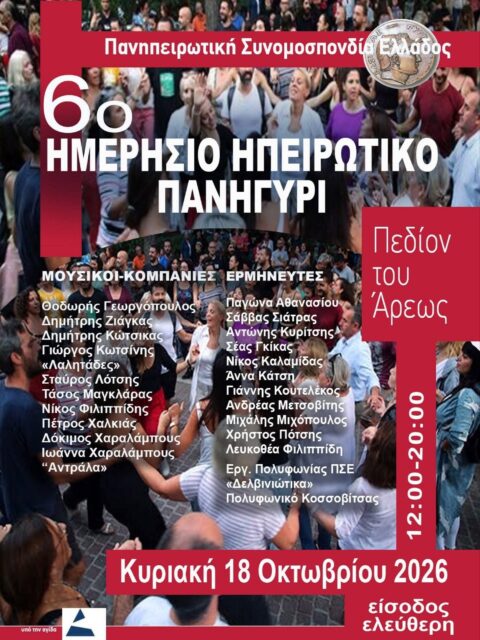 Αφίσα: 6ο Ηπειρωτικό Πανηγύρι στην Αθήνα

...

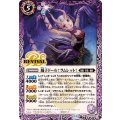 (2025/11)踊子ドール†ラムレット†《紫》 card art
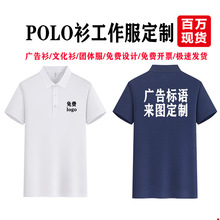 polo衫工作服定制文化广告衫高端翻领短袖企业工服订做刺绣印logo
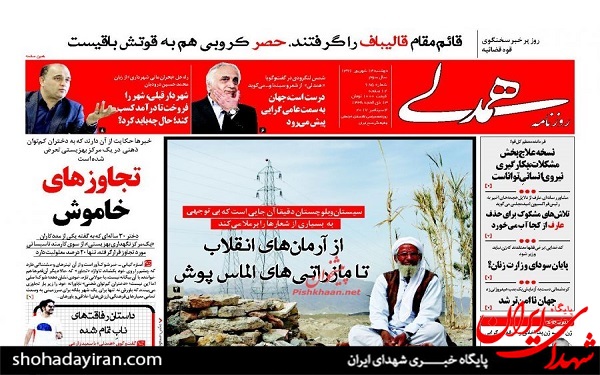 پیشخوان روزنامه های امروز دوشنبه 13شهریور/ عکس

YOUR TASK: Looking above, find the stretch of lines that opens with the one holding "(2025/11)踊子ドール†ラムレット†《紫》 card art" and closes with the one holding "پیشخوان روزنامه های". Copy it exactly, pictures excluded.

SOLUTION BELOW:
 (2025/11)踊子ドール†ラムレット†《紫》 card art
 polo衫工作服定制文化广告衫高端翻领短袖企业工服订做刺绣印logo
 پیشخوان روزنامه های امروز دوشنبه 13شهریور/ عکس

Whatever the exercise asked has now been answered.